I read the other day that the novel “Huckleberry Finn” was the first book written on a typewriter.   I seriously doubt there are more than three people in our country that use a typewriter today, with almost all of the written word being typed on a PC  or handwritten.     I personally know a lot of luddites (any opponent of technological progress).  If they could pry the “mouth of hell” wide open, they would toss all our hand held electronic stuff into that burning hole  and go back to the way things were 50 years ago (as in the good old days).   As much as I enjoy all the wonderful things we have today, my choice for the best invention ever would be electricity.  I remember as a very young boy not having it in our home.  Everyone went to bed when it got dark outside, we got out of bed when our rooster crowed, and a fire had to be started to cook breakfast.  Since there was no running water, we carried it from a spring  a ¼ of a mile away.   There were no weekly allowances, snacks, or very many toys to play with.   That was the bad part, now the good part.   I never felt alone, I knew that I would never be abandoned, and I knew that if there was only one biscuit in the house, it would be shared equally by all.   I was taken to church at least 3 times a week, and I was told many times that Our God In Heaven would always be by my side and protect me.   Carl Marx said in 1844 “Religion is the opium of the people”.   I take that to mean it is comforting to those in distress.  It was comforting to a young boy of 4 or 5 to know that someone was looking over him, and it is comforting to this old man to know that also.   Sometimes I think I am as poor a storyteller as  Arapaho.

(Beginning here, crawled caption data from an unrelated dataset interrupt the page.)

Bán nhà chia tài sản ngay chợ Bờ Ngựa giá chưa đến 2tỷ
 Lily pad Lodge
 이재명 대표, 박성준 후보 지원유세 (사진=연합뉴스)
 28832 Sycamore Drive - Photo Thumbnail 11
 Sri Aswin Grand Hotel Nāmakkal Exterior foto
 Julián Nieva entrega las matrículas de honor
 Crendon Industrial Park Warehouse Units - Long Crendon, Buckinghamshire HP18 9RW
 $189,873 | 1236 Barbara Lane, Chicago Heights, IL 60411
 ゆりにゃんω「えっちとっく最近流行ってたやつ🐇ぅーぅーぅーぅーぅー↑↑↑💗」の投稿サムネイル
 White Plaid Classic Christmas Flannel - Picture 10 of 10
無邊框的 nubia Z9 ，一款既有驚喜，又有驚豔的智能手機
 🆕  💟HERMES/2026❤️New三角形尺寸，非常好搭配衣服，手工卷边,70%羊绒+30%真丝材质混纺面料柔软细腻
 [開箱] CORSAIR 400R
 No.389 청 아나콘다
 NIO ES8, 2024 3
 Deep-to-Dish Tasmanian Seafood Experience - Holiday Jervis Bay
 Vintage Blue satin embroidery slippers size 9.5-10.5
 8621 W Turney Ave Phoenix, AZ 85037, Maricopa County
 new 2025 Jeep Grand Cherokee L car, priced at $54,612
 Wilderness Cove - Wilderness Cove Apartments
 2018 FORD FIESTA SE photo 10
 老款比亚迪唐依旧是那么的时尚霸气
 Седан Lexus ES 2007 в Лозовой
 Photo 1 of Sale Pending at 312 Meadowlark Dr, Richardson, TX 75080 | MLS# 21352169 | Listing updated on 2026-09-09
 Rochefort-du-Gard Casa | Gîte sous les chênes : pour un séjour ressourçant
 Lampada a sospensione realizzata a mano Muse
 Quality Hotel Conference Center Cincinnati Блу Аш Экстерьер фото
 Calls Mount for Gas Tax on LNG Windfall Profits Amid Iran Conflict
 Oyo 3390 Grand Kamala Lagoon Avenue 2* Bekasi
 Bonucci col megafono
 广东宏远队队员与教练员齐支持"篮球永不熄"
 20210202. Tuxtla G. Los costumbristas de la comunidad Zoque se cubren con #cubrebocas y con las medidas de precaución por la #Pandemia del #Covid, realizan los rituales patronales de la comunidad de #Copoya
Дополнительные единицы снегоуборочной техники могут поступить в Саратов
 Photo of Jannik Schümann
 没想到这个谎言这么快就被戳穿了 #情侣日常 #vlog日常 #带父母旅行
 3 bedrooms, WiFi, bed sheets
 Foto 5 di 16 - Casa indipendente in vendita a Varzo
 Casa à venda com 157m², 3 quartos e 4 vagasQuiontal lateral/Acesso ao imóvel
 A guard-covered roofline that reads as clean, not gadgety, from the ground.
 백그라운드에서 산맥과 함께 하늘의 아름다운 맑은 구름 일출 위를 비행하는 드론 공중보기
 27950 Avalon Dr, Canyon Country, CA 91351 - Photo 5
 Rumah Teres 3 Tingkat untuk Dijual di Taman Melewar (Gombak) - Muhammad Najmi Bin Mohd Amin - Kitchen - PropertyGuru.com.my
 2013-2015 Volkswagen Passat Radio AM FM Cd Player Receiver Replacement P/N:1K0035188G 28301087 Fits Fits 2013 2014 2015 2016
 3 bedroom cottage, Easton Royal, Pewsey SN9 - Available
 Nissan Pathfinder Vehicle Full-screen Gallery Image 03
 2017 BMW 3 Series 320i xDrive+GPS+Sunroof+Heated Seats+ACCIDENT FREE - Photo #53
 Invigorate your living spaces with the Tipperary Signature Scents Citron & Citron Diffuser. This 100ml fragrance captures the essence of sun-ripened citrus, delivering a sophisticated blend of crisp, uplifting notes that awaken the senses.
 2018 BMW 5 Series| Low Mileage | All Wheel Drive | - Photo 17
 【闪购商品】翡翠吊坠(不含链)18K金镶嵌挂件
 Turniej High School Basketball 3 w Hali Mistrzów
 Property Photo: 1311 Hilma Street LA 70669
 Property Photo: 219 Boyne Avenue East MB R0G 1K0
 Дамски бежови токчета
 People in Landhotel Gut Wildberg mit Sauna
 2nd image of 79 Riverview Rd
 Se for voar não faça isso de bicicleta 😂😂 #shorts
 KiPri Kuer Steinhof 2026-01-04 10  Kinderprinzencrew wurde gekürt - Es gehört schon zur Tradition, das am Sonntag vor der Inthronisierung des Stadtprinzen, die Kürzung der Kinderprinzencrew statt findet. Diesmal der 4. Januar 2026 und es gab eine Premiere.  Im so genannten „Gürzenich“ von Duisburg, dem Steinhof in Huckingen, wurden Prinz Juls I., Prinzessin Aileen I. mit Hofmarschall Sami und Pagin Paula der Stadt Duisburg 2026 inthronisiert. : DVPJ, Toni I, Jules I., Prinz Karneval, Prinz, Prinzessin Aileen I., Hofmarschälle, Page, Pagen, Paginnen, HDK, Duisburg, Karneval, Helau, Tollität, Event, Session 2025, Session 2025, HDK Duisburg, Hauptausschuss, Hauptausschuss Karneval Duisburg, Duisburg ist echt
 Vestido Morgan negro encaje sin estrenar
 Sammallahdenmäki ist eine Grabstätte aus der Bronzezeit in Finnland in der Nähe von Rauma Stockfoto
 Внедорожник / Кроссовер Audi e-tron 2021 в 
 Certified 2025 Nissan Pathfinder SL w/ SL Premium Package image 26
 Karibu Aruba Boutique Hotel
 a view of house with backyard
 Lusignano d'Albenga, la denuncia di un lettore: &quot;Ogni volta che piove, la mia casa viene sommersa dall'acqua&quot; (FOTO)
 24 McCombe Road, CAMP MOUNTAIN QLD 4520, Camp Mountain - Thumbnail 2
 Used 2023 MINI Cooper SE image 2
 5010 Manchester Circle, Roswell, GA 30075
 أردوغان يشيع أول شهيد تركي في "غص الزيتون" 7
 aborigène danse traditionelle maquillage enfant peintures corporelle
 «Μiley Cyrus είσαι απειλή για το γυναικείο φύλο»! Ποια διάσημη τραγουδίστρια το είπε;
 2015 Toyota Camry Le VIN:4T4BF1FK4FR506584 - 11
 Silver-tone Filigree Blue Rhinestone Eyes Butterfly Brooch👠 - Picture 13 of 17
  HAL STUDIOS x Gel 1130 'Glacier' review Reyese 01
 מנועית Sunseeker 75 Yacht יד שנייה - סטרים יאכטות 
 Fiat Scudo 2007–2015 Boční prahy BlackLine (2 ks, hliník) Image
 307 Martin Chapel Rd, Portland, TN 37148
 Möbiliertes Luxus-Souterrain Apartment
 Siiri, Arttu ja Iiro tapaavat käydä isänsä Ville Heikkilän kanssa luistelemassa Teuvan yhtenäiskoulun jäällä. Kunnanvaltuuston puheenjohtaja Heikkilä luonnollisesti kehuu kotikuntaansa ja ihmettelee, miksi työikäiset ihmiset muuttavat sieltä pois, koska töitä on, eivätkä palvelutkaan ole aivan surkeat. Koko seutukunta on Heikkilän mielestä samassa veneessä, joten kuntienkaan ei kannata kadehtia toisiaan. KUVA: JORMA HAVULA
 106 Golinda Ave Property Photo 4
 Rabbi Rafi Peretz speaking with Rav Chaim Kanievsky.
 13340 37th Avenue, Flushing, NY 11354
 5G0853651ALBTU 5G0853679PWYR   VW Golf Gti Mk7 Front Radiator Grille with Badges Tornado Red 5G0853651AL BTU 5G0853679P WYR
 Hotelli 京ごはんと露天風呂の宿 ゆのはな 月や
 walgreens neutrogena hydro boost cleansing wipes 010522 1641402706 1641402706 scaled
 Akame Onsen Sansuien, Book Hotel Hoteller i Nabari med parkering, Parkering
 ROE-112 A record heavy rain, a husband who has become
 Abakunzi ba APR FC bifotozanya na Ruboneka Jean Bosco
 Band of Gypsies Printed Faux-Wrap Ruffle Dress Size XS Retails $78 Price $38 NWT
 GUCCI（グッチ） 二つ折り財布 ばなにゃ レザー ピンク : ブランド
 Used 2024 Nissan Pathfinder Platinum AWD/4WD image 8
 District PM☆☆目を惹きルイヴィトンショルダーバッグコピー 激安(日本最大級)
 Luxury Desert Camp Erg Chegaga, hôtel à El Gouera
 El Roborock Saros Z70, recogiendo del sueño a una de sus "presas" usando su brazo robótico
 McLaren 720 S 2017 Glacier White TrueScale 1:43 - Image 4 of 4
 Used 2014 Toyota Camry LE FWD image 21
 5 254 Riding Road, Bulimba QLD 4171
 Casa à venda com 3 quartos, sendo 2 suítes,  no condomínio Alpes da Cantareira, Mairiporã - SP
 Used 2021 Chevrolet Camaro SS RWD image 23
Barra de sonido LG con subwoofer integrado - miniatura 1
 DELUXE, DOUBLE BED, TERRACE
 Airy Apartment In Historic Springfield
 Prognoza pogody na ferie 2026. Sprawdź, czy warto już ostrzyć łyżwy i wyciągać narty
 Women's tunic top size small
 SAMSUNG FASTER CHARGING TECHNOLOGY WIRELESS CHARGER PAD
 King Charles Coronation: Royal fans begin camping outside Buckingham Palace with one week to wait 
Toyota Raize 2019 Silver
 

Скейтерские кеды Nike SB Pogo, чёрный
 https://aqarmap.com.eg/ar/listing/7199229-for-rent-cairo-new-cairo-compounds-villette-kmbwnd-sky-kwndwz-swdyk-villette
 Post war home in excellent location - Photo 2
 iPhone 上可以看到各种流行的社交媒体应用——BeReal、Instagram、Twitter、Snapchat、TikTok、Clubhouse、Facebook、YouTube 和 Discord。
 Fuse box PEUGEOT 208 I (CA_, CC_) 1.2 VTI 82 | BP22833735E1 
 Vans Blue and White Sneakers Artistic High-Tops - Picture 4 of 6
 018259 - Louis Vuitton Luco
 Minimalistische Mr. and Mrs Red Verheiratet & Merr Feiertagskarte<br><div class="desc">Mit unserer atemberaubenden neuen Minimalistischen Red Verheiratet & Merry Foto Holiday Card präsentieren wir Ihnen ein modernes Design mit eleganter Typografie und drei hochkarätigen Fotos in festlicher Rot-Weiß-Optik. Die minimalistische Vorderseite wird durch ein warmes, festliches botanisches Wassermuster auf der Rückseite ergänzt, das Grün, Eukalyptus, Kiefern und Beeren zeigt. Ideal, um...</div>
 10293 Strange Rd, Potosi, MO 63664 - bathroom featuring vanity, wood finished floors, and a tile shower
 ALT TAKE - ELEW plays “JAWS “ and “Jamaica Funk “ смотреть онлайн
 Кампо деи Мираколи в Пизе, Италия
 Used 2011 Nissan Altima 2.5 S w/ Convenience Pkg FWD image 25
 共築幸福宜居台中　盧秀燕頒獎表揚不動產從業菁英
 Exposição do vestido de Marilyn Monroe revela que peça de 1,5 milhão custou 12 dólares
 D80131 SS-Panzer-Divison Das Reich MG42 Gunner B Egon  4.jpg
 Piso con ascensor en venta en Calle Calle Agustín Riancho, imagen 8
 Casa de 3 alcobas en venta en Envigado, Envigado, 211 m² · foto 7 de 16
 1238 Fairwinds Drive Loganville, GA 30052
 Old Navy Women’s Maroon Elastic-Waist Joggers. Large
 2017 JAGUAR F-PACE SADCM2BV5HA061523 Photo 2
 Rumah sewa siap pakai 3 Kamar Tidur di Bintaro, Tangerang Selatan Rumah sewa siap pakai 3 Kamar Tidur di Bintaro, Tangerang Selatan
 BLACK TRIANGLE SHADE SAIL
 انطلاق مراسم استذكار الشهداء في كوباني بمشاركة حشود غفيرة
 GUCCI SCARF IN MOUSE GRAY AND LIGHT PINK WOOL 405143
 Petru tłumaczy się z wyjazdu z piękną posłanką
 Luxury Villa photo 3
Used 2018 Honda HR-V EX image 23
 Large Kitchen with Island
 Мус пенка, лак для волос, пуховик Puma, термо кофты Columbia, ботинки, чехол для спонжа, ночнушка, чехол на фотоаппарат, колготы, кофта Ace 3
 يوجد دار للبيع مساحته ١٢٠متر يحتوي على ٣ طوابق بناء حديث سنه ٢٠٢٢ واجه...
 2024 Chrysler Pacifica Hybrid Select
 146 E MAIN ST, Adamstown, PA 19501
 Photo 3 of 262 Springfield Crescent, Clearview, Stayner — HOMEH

According to Kurt Vonnegut in “Man Without A Country”, in 1818 an obstetrician in Budapest  named Ignatz Zimelvas noticed that 1 in 10 newborn babies died of Typhoid Fever.  He also noticed the doctors came from dissecting a corpse (common practice at that time) to the delivery room.  He encouraged the doctors to wash their hands thoroughly before delivering babies and at first they refused, but later consented.   The deaths of babies by Typhoid Fever stopped immediately.   What can we learn from that story?   That simple acts can have a significant impact on our health.  Simple things like washing our hands after touching a public doorknob, or covering our mouth when coughing, or sneezing, or after shaking hands with someone.  In our “Meet & Greet” during church on Sundays, I always try to refrain from touching my face until the opportunity to wash is available.   This is my first year of not taking the flu shot (neither H1N1, nor regular).   If I catch the flu this year, I will know that next year I need to go back to taking them.   One more month to go!

During our trip to Florida, I brought home a Hawaiian lei given to me at a fun show presented at one of our tour stops.  It has little value and I really don’t know why I brought it home.  I have it hanging on a fan in the poolroom, and I know its history will be forgotten within a year and it will be tossed.   Aren’t we all guilty of keeping things around that have very little value?   I see a lot of things sitting on and around my desk that have value only to me.   There is a photo of my 50th high school reunion, pictures of mom & dad, my grandchildren, ashes in a small  glass container of people important in my life that have passed on, and a rare photo of the coal camp I used to live in (torn down long ago).    What would it be like to remove everything that has little or no value to us?   I believe it is the important and unimportant things that describe who we are.  If only the important things were left after we die, what picture would our loved ones have of us?   After all, doesn’t the small insignificant things describe us as much as the important things?  Sometimes I have to call in the “Memory Police” to reign in  the things that run thru my mind.

I hope your “window on the world” provides you a wonderful view.   Drop me a line when you can……..Tommy

 

 

“The man who does not read good books has no advantage over the man who cannot read them.”